Prior to Sovereign, Hitchcock spent six years on the lead advisory team at Coopers & Lybrand Corporate Finance.
Ian Williams, previously director of corporate finance for Arbuthnot Securities has joined Lyceum as an associate partner,
“Simon and Ian bring strong expertise in deal origination, buying platform companies and developing them through add-on acquisitions, which is central to Lyceum’s investment approach,” Jeremy Hand, Lyceum managing partner, said in a statement.
The firm recently hired two other investment team members, which Hand said also bring “a good network of relationships in the mid-market”. Hand told PEO that the growing firm felt it should take advantage of talent on the market as “good people don't just come up when you want them to”.
Duncan Green, previously an analyst for PricewaterhouseCoopers Strategy, has joined Lyceum as an analyst as has Humphrey Baker, previously a manager with Ernst & Young’s performance improvement division.
The new additions bring to 17 the number of investment professionals at Lyceum, which two years ago spun out of German parent bank WestLB when Axa Private Equity and AlpInvest purchased the bank.
Lyceum closed its second fund on £255 million (€321 million; $460 million) in February.
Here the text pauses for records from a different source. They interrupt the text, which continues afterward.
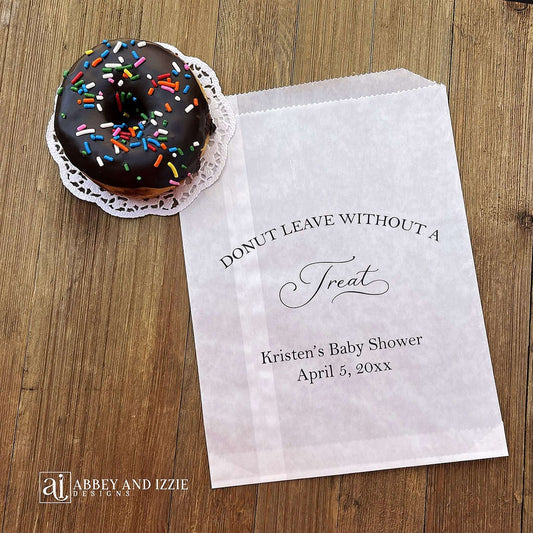 Our personalized donut bags for a baby shower are sure to impress your guests. Printed with 'donut leave without a treat' with the mother to be's name and event date. Bags are glassine so grease resitant, perfect for a donut bar or donut wall.
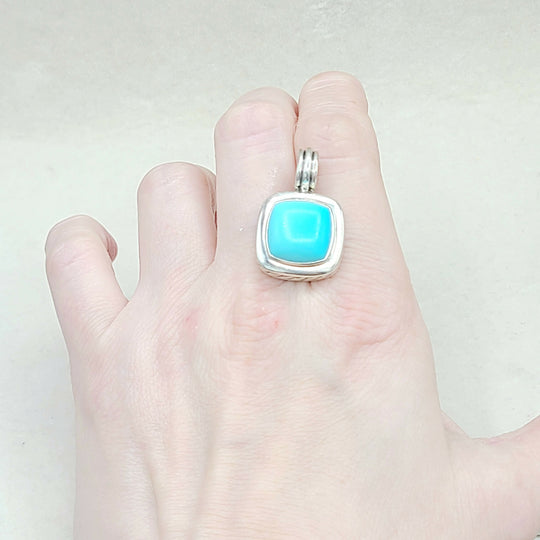 Turquoise stone pendant on a silver chain held in a hand against a white background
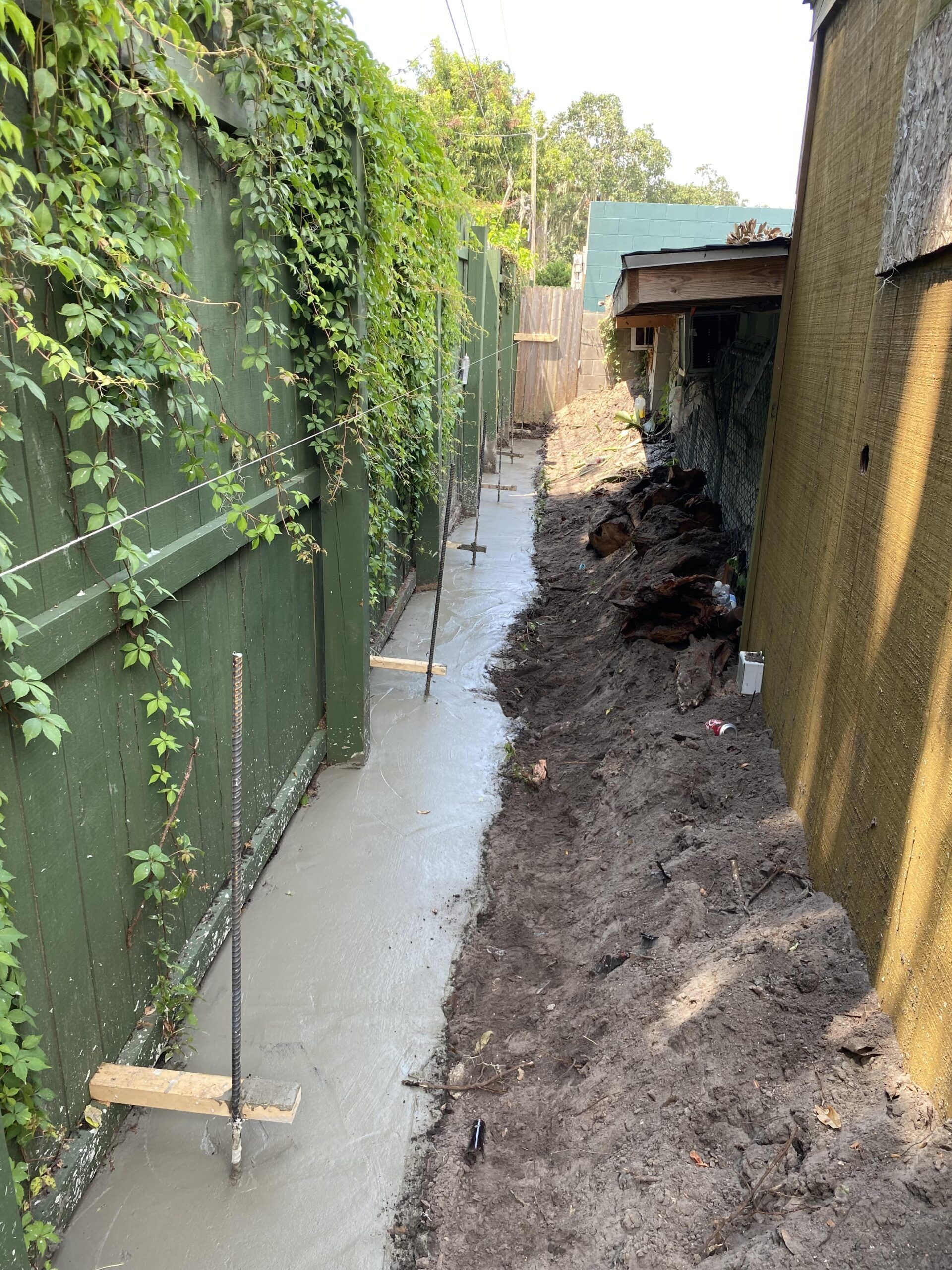 A concrete walkway is being built between two buildings.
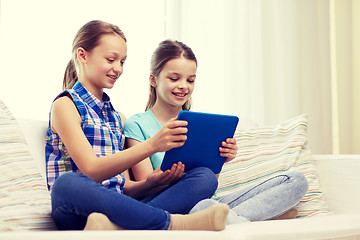 Image showing happy girls with tablet pc sitting on sofa at home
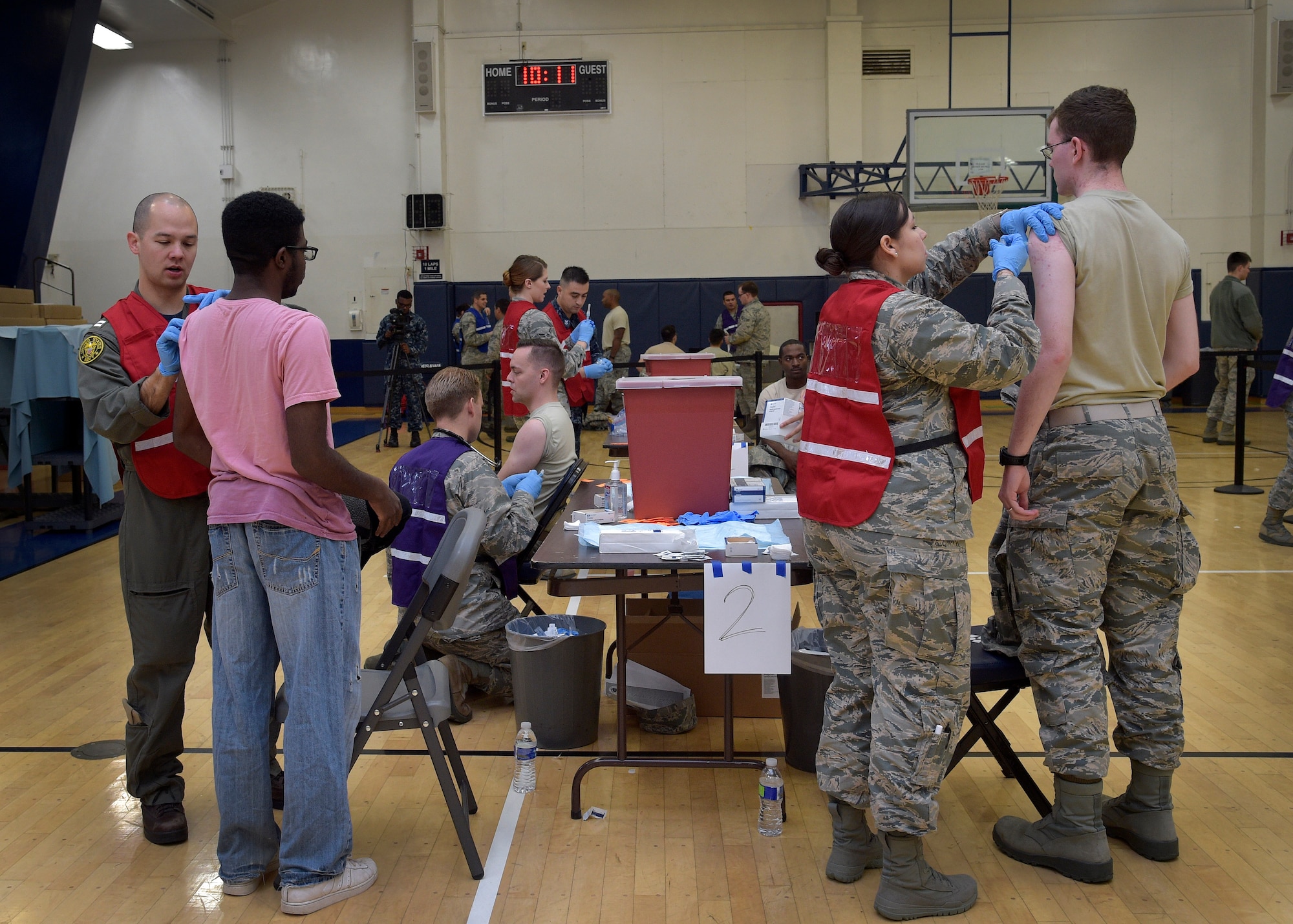 U.S. Air Force and Navy medical personnel administer the flu vaccine during a point of distribution, at Misawa Air Base, Japan, Nov. 3, 2016. Within the first hour, more than 300 individuals came through the flu POD. On average, each individual took 50 seconds to complete the process of prescreening questions, receiving the vaccination and the administration process. All members eligible to receive health care at the 35th MDG acquired their vaccine through the POD. (U.S. Air Force photo by Senior Airman Deana Heitzman)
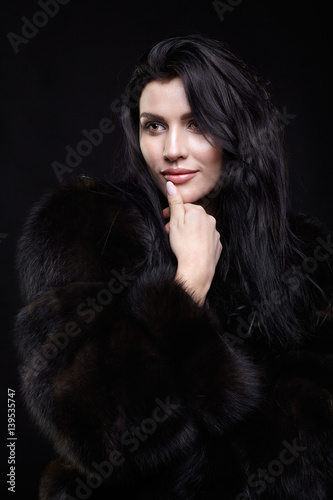 Portrait of a young brunette woman with long black hair dressed in a fur coat on black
This month, the firm agreed a £37 million take-private of Carewatch Care Services and exited its investment in vehicle management group Leasedrive Velo in an £80 million secondary sale to LDC, the private equity arm of Lloyd’s TSB bank.
Hand said Lyceum is sitting in a fortunate position at present given its recent fund close, as well as having “managed to get most of our portfolio sold up through 2007”. He added, “I don't think we need to rush at spending money at the moment.”